Besonders eindringlich war das Schuldbekenntnis im Verhältnis zu den Juden: "Wir sind zutiefst betrübt über das Verhalten aller, die im Laufe der Geschichte deine Söhne und Töchter leiden ließen. Wir bitten um Verzeihung und wollen uns dafür einsetzen, dass echte Brüderlichkeit herrsche mit dem Volk des Bundes.

Katholiken hätten allzu oft der "Logik der Gewalt" nachgegeben

Es war eine große prophetische Geste des Papstes und ein bedeutsamer Akt der Kirche am Beginn des dritten Jahrtausends. Die Vergebungsbitte war kein Tribunal, keine große Abrechnung mit einzelnen Personen, Gruppen oder Ideen. Es fiel kein Name, es gab keinen Hinweis auf Inquisition, Hexenverbrennung, Kreuzzüge oder Galilei.

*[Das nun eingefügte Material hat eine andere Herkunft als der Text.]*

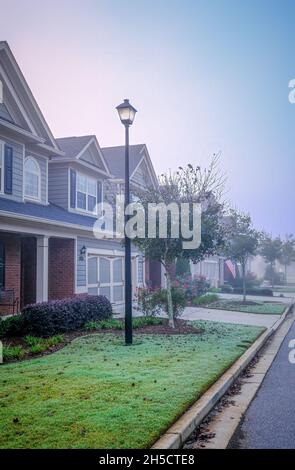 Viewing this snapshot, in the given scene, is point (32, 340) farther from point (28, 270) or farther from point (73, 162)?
point (73, 162)

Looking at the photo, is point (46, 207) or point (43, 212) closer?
point (43, 212)

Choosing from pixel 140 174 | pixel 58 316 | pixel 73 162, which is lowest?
pixel 58 316

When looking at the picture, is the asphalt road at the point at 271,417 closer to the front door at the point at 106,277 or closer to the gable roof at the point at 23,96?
the front door at the point at 106,277

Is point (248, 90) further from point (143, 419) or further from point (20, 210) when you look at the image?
point (143, 419)

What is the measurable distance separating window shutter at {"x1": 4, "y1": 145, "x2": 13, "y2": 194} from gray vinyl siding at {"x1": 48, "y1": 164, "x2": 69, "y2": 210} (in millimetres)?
3895

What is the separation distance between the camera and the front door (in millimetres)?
18203

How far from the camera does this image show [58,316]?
11367 mm

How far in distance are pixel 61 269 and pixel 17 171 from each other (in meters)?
4.20

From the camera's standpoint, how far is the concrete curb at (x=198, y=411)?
13.9 ft

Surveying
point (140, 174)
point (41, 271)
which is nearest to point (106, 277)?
point (41, 271)

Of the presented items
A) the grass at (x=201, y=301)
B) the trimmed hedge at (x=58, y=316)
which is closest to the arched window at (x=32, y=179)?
the trimmed hedge at (x=58, y=316) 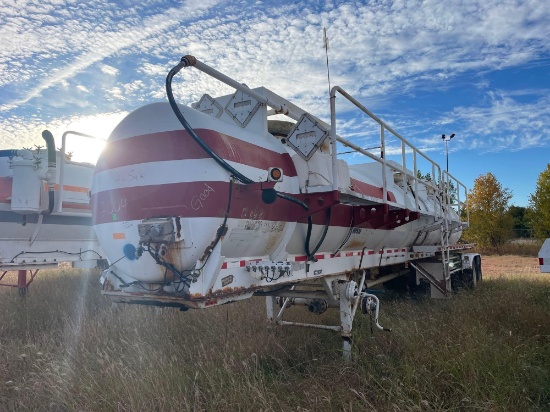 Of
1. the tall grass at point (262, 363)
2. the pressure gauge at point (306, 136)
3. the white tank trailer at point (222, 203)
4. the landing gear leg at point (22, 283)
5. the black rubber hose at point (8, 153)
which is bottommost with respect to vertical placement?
the tall grass at point (262, 363)

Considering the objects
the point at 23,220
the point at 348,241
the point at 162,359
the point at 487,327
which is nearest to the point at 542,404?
the point at 487,327

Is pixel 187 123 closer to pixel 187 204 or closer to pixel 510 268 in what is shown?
pixel 187 204

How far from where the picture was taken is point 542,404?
12.5 feet

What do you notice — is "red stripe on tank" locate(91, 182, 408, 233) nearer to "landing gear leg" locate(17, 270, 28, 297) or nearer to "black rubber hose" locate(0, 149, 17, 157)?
"black rubber hose" locate(0, 149, 17, 157)

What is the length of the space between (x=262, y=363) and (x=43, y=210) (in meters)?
4.75

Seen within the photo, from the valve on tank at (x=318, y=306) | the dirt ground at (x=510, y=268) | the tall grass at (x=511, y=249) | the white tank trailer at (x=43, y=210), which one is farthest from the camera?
the tall grass at (x=511, y=249)

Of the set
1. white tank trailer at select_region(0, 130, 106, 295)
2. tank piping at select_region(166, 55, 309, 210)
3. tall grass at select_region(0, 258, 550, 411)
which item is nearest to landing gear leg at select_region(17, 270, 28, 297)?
white tank trailer at select_region(0, 130, 106, 295)

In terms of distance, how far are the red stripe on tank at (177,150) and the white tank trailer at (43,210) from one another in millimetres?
3177

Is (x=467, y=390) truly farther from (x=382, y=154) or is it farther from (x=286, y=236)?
(x=382, y=154)

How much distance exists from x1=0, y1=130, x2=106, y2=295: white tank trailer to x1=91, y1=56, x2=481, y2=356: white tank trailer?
11.1ft

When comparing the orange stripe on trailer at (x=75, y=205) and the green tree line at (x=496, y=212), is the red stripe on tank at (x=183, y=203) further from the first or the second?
the green tree line at (x=496, y=212)

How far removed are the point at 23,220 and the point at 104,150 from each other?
13.4ft

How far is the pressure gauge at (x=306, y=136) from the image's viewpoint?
424 cm

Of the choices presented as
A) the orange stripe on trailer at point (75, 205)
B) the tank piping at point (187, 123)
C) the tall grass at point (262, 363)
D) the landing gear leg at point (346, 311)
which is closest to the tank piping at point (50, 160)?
the orange stripe on trailer at point (75, 205) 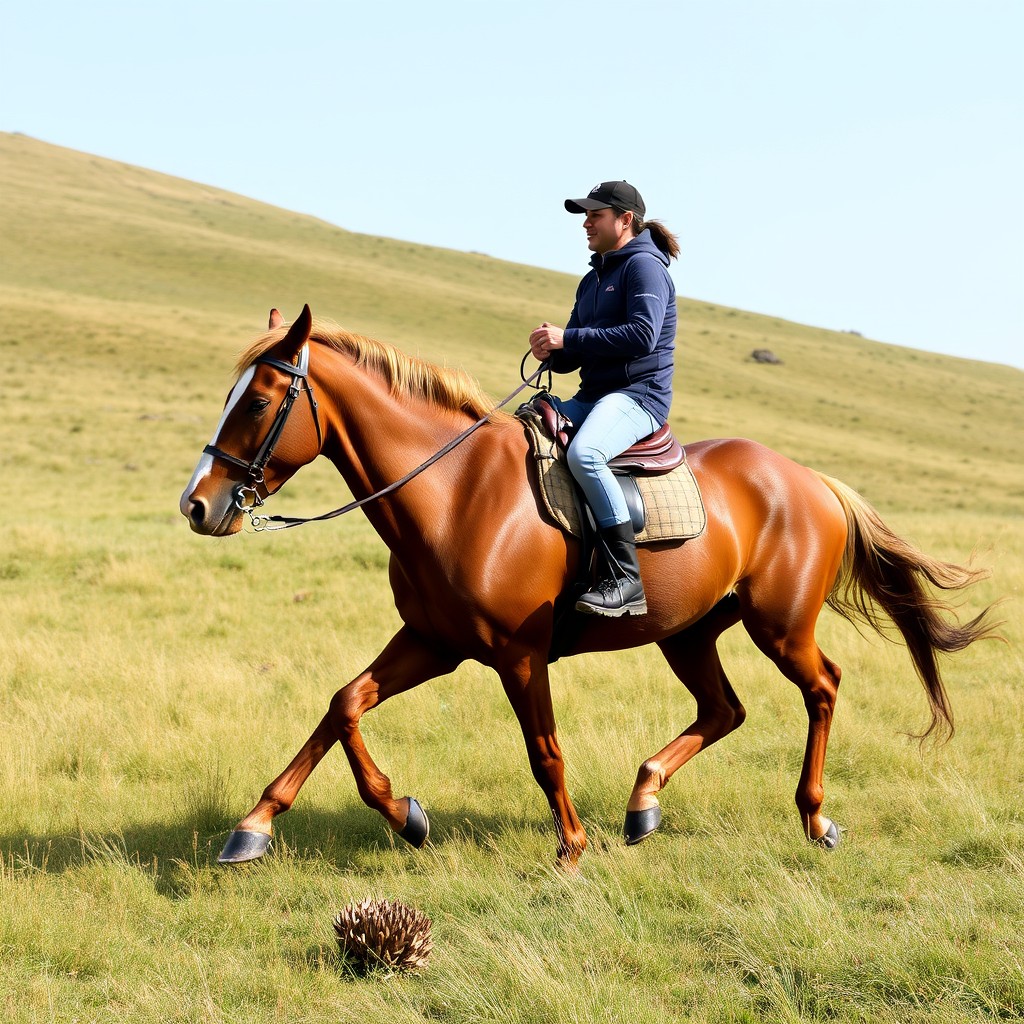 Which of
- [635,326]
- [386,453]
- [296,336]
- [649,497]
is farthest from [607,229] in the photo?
[296,336]

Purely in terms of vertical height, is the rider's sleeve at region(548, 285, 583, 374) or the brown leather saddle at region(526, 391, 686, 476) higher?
the rider's sleeve at region(548, 285, 583, 374)

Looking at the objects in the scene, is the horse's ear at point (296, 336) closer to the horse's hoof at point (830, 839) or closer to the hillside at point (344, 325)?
the horse's hoof at point (830, 839)

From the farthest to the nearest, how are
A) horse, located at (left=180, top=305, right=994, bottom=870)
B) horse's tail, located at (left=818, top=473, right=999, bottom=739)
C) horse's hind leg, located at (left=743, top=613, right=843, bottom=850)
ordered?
horse's tail, located at (left=818, top=473, right=999, bottom=739) → horse's hind leg, located at (left=743, top=613, right=843, bottom=850) → horse, located at (left=180, top=305, right=994, bottom=870)

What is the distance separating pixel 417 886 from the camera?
200 inches

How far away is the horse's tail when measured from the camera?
6668 millimetres

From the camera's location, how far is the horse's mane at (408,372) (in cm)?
533

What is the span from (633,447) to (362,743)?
6.96 feet

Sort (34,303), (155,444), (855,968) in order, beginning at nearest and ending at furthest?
(855,968), (155,444), (34,303)

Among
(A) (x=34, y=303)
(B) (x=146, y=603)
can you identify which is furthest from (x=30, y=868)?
(A) (x=34, y=303)

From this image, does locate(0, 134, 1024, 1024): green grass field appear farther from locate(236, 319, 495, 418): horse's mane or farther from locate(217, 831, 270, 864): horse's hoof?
locate(236, 319, 495, 418): horse's mane

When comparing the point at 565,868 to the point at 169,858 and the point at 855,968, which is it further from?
the point at 169,858

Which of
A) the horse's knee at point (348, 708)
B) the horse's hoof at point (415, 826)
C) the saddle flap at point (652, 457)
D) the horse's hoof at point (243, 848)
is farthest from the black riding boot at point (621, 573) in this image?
the horse's hoof at point (243, 848)

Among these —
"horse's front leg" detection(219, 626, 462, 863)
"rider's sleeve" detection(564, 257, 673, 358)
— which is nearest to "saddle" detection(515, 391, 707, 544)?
"rider's sleeve" detection(564, 257, 673, 358)

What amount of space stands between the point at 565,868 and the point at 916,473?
41.0m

Der Papst und sieben Kurienkardinäle – unter ihnen Joseph Ratzinger von der Glaubenskongregation und der langjährige "Krisenminister" Roger Etchegaray – sprachen grundsätzlich von "Methoden der Intoleranz", zu denen Gläubige beim Einsatz für die Wahrheit griffen. Sie beklagten, dass Katholiken statt der von Gott gewünschten Einheit Gegensätze und Spaltungen geschaffen hätten. Dass sie allzu oft der "Logik der Gewalt" nachgegeben, Stämme und Völker diskriminiert, ihre Kulturen und religiösen Traditionen verachtet und ihre Rechte verletzt hätten. Sie riefen zu Versöhnung, Reue, Umkehr und Neuanfang auf.

Bild: ©KNA (Archivbild)

Mit einer Bußprozession durch die Heilige Pforte im Petersdom begann Papst Johannes Paul II. am 12. März 2000 die Zeremonie, die in die Geschichte eingehen sollte.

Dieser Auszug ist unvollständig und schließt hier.